--- START ---
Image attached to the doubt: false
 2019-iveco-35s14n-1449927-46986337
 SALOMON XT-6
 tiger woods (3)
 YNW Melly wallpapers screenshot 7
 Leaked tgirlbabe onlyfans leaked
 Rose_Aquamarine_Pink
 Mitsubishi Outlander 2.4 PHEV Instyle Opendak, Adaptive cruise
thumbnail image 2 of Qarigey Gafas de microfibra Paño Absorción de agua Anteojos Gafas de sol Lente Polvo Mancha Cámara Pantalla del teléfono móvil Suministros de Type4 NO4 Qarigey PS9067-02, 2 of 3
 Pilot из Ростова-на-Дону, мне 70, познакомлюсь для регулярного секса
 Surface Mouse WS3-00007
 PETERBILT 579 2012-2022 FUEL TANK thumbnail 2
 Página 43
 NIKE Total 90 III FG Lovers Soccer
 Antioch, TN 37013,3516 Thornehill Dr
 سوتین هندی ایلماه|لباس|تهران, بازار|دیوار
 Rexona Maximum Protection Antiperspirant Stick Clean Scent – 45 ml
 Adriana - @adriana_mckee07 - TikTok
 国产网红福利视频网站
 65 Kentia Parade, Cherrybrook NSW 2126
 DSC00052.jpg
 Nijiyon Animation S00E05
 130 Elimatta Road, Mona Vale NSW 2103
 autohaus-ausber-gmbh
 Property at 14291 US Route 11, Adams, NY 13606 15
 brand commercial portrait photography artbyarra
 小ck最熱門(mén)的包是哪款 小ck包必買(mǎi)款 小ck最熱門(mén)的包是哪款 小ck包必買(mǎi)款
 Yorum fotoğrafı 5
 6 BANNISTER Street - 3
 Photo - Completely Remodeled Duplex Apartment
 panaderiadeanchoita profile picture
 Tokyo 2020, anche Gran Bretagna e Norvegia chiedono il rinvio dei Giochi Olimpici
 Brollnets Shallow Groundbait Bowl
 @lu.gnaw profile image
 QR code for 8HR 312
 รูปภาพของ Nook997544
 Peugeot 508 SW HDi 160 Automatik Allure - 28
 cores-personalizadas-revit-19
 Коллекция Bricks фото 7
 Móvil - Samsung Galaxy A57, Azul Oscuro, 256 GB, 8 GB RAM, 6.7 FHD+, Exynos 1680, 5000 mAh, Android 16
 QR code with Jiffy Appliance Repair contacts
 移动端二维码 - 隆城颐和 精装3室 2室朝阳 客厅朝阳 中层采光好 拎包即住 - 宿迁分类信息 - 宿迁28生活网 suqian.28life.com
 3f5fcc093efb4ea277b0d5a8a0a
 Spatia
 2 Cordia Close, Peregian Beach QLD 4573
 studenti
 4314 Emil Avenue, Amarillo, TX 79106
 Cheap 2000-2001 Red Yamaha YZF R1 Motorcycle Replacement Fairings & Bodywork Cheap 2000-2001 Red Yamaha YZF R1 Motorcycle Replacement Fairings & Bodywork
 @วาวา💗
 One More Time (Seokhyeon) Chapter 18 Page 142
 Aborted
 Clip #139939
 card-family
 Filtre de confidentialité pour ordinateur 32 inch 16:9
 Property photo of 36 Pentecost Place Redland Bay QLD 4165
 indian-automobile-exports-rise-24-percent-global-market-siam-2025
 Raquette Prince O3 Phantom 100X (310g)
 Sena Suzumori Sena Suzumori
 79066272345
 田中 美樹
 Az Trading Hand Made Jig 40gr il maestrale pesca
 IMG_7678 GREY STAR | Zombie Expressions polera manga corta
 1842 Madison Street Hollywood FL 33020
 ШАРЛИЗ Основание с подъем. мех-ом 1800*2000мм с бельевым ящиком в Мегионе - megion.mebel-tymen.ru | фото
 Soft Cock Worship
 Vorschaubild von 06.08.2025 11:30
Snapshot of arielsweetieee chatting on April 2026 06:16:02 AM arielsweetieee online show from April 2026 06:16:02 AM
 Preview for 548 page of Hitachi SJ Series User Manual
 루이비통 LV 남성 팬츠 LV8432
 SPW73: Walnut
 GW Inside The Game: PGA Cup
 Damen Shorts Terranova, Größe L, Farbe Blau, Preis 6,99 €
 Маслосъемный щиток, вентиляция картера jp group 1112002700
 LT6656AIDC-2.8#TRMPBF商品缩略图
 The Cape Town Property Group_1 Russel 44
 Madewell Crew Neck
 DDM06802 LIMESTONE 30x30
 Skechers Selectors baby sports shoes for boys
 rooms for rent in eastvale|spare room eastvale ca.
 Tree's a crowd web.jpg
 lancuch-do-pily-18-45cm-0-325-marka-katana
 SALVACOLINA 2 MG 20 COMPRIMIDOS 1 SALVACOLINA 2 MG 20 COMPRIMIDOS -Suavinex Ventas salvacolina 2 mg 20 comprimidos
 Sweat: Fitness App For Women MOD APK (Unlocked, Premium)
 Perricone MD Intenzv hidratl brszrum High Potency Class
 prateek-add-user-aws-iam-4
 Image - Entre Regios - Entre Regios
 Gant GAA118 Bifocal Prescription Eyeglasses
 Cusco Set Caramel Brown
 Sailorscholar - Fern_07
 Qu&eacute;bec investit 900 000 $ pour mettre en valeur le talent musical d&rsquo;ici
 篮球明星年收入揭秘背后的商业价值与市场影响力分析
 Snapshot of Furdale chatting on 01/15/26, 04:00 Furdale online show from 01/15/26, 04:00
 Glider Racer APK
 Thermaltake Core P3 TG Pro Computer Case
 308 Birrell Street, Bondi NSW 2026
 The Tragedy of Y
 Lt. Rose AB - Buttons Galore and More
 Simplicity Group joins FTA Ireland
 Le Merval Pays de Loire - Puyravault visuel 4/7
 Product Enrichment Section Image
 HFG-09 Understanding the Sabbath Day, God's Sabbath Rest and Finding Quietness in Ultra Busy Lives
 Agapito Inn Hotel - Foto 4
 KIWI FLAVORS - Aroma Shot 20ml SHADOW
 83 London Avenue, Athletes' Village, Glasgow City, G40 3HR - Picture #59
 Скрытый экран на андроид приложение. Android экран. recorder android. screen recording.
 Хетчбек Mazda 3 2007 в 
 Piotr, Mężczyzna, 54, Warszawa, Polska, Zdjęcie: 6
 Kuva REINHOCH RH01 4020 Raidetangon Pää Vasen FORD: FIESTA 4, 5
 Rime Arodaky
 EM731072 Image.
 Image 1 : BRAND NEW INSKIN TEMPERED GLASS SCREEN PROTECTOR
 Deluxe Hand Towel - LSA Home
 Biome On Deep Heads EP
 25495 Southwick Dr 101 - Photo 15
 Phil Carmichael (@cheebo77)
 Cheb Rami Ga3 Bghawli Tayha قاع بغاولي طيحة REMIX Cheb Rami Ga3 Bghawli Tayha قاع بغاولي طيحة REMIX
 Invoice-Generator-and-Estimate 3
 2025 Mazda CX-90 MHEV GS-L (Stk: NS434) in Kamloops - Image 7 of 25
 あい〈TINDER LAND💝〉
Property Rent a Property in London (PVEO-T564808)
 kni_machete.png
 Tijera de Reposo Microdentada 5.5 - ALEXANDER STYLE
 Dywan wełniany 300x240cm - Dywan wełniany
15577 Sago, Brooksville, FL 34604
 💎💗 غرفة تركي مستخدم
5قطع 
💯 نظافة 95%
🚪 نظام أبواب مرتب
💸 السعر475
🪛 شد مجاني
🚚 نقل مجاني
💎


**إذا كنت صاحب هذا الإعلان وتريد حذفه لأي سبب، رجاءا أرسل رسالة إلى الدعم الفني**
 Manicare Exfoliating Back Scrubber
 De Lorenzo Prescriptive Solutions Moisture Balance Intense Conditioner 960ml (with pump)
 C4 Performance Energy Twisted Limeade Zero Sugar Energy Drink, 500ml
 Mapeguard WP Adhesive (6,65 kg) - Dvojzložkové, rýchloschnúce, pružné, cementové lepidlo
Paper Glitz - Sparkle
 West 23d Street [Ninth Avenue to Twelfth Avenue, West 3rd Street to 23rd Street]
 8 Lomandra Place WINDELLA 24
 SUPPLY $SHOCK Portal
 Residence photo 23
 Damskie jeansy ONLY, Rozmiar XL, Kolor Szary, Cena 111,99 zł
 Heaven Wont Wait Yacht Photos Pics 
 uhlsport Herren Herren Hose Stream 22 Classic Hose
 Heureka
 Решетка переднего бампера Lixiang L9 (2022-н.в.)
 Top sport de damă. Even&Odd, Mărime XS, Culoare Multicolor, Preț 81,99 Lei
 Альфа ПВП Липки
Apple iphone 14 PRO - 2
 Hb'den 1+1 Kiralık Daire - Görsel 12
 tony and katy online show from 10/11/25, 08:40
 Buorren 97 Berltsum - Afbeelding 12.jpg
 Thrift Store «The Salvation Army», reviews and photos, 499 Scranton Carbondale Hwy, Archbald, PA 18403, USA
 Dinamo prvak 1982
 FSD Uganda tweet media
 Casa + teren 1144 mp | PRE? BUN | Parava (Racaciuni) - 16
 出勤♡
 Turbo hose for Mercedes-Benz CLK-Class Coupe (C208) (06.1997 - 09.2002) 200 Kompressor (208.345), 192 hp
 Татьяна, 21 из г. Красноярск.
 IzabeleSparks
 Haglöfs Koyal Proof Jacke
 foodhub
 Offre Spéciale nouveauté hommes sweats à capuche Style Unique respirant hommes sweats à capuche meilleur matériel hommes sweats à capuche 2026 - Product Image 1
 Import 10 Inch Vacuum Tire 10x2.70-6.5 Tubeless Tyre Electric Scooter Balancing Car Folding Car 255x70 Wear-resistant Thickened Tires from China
--- END ---
=== What to produce ===
Give back the records above exactly, limited to the lines between the one holding "Hb'den 1+1 Kiralık Daire - Görsel 12" and the one holding "FSD Uganda tweet media", inclusive.

=== Answer space ===
 Hb'den 1+1 Kiralık Daire - Görsel 12
 tony and katy online show from 10/11/25, 08:40
 Buorren 97 Berltsum - Afbeelding 12.jpg
 Thrift Store «The Salvation Army», reviews and photos, 499 Scranton Carbondale Hwy, Archbald, PA 18403, USA
 Dinamo prvak 1982
 FSD Uganda tweet media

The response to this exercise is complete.